Next, the correction unit 644 of the estimation device 60 calculates an amount of change in the occurrence intensity of the AU for occurrence intensity of the AU after an end time of the time-series data by using the calculated estimated value as a reference, and sets the calculated amount of change as new occurrence intensity of the AU (Step S206). After Step S206, the estimation processing illustrated in FIG. 16 ends.
As described above, the determination device 10 executes processing of acquiring a group of captured images that are continuously captured and include a face to which markers are attached, selecting, from a plurality of patterns indicating a transition of positions of the markers, a first pattern corresponding to a time-series change in the positions of the markers included in a plurality of consecutive images among the group of captured images, and determining occurrence intensity of an AU based on a determination criterion of the AU determined based on the first pattern and the positions of the markers included in a captured image included after the plurality of images among the group of captured images.
With this configuration, it is possible to more accurately calibrate reference positions of the markers and determine the occurrence intensity of the AU.

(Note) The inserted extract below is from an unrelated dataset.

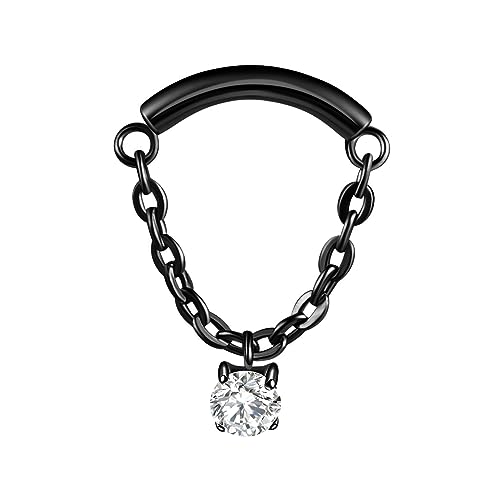 BelezaDosas G23 Titanium Labret Studs Threadless Push-in Labret Press Fit 16G Cluster Helix Lobe Conch Tragus Push Back Piercing Jewelry - style: black chain CZ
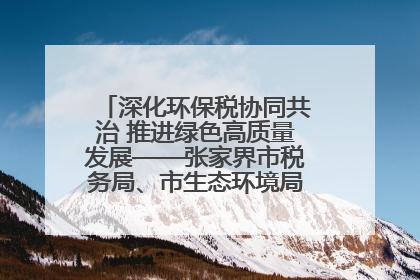 深化环保税协同共治 推进绿色高质量发展——张家界市税务局、市生态环境局签署合作备忘录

Furthermore, in the processing of determining the occurrence intensity executed by the determination device 10, the processing of selecting the first pattern includes processing of determining, based on a first start time of an expressionless trial of the face, the plurality of images including a first image prior to the first start time from the group of captured images, and selecting the first pattern based on the positions of the markers in the first image, and the processing of determining the occurrence intensity includes processing of calculating estimated values of virtual positions of the markers after a first end time of the expressionless trial of the face based on the first pattern, calculating a movement amount of the positions of the markers for the positions of the markers after the first end time in the group of captured images by using the calculated estimated values as references, and determining the occurrence intensity.

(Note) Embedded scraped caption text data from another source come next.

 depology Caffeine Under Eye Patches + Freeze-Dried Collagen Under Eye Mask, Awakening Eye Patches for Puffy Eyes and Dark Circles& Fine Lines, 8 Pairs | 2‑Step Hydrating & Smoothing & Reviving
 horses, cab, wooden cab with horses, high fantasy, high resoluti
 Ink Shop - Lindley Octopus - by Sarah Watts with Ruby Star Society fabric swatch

With this configuration, even when an expressionless trial time of a subject is short, it is possible to calculate the estimated values of the virtual positions of the markers in a true expressionless state, and calibrate the reference positions of the markers and determine the occurrence intensity of the AU more accurately.
Furthermore, by detecting an expressionless trial time by determining that the positions of the markers in the group of captured images converge to positions at the time of expressionlessness, the determination device 10 executes acquisition of the first start time and the first end time.

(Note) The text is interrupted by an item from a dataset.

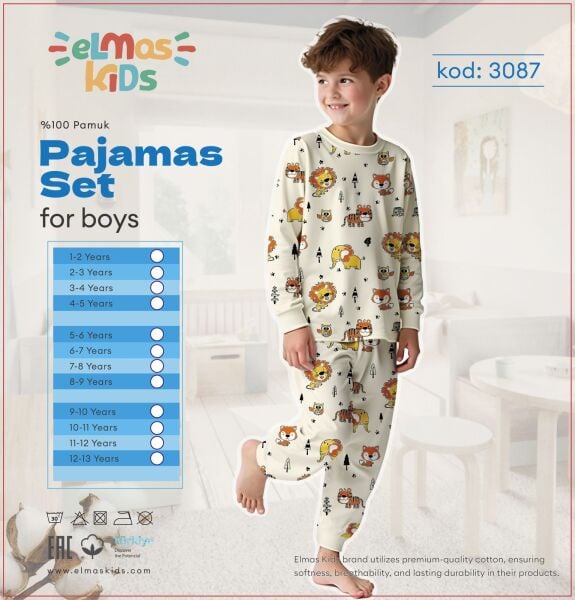 ELMAS 3087-2 ERKEK ÇOCUK 5-8 YAŞ PİJAMA TAKIM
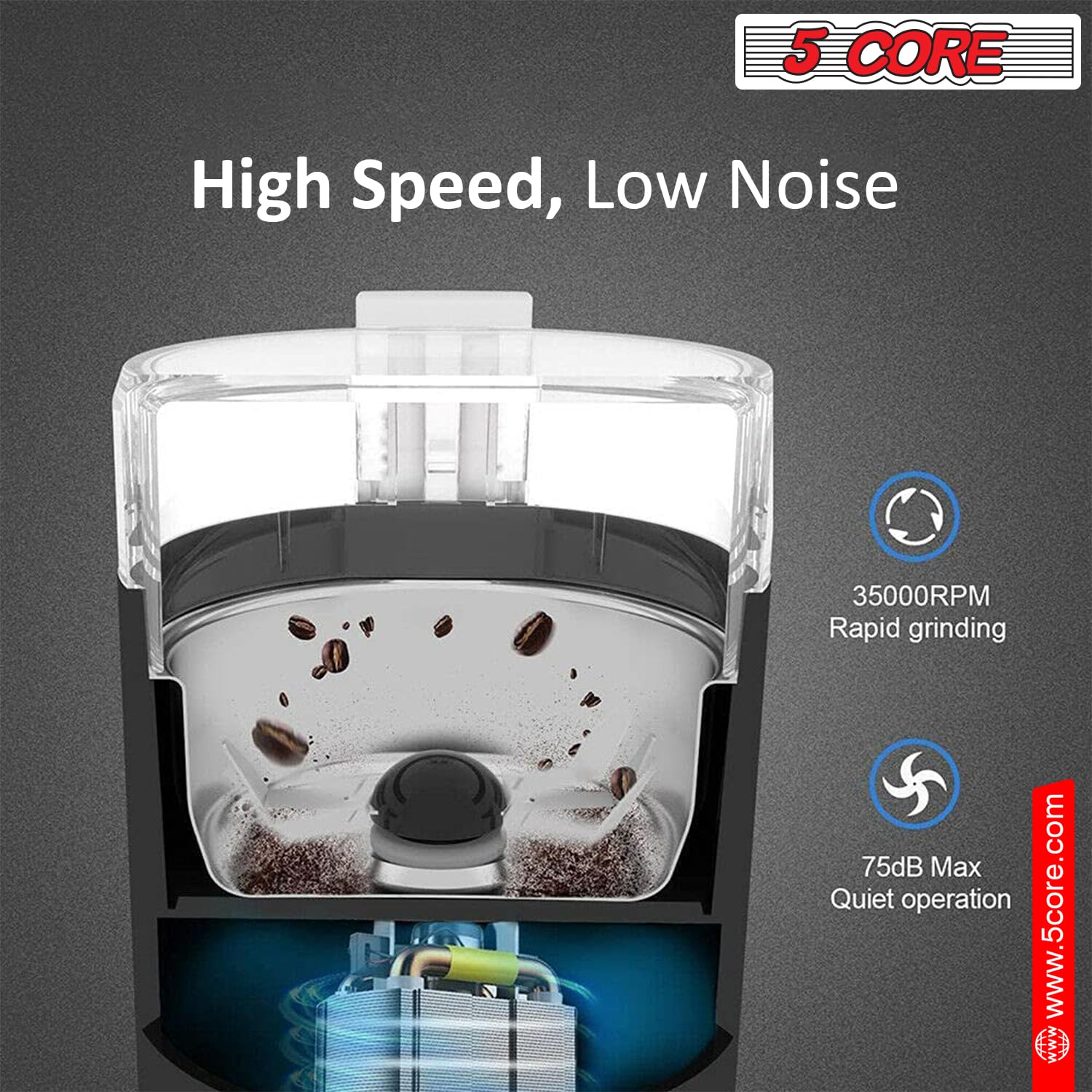Premium 5-Core Electric Coffee Grinder - 150W, 85g/3oz Capacity, One-Touch Operation - Stainless Steel Blades for Beans & Spices - Black & Brown (Perfect for Home Kitchens, Coffee Shops & Office Break Rooms)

With this configuration, it is possible to reduce trouble of recording the expressionless trial time in advance.
Furthermore, the processing of calculating the estimated values executed by the determination device 10 includes processing of matching the positions of the markers of the first pattern with the positions of the markers in the first image by executing at least one of translation in a time direction, scaling in a marker position direction, and translation in the marker position direction, and calculating the estimated values of the virtual positions of the markers after the first end time of the expressionless trial of the face based on the first pattern with which the positions of the markers are matched.
With this configuration, a more appropriate expressionless transition pattern may be selected after correcting a deviation of the start time of the expressionless trial, or the like.
Furthermore, the processing of selecting the first pattern executed by the determination device 10 includes processing of matching each of the plurality of patterns with specific positions of the markers between the first start time and the first end time in the plurality of images, and selecting the first pattern having the smallest difference from the specific positions of the markers among the plurality of patterns.
With this configuration, it is possible to select a more appropriate expressionless transition pattern.
Furthermore, the processing of selecting the first pattern executed by the determination device 10 includes processing of selecting the first pattern based on physical features of a user who has the face.
With this configuration, it is possible to select a more appropriate expressionless transition pattern.
Furthermore, the determination device 10 further executes processing of generating data for machine learning based on the captured image included after the plurality of images and the determined determination intensity of the action unit.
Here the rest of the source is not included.